Por fim, a Seag enviará para a Secretaria de Controle e Transparência (Secont) todos os contratos que envolvem as empresas citadas no caso, com o objetivo de descobrir se existem mais irregularidades.
Após a decisão judicial de recebimento da denúncia, o servidor Eduardo Chagas foi devolvido para seu órgão de origem, o Idaf, para que fossem tomadas providências. Ele foi subsecretário da Seag na gestão passada, e seria próximo ao ex-secretário Octaciano Neto.

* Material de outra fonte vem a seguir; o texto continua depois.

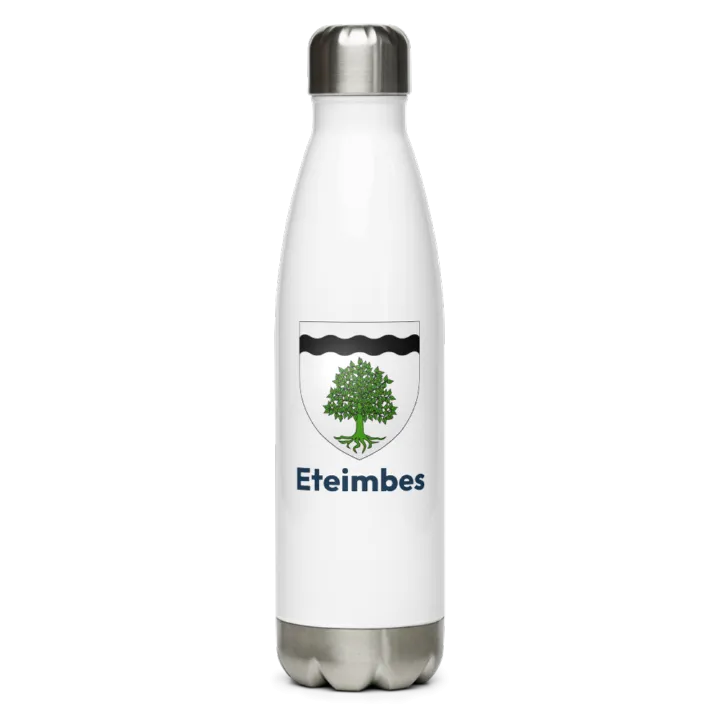 Gourde inox blason de Eteimbes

Bruno Carniele era funcionário em designação temporária e não terá o contrato renovado. Já Roberto Carlos Magalhães Leite e Gimenes Vasconcelos não fazem mais parte do quadro de servidores da Seag desde janeiro.
Todos os denunciados foram procurados, mas a reportagem não conseguiu contato. O ex-secretário Octaciano também não atendeu as ligações.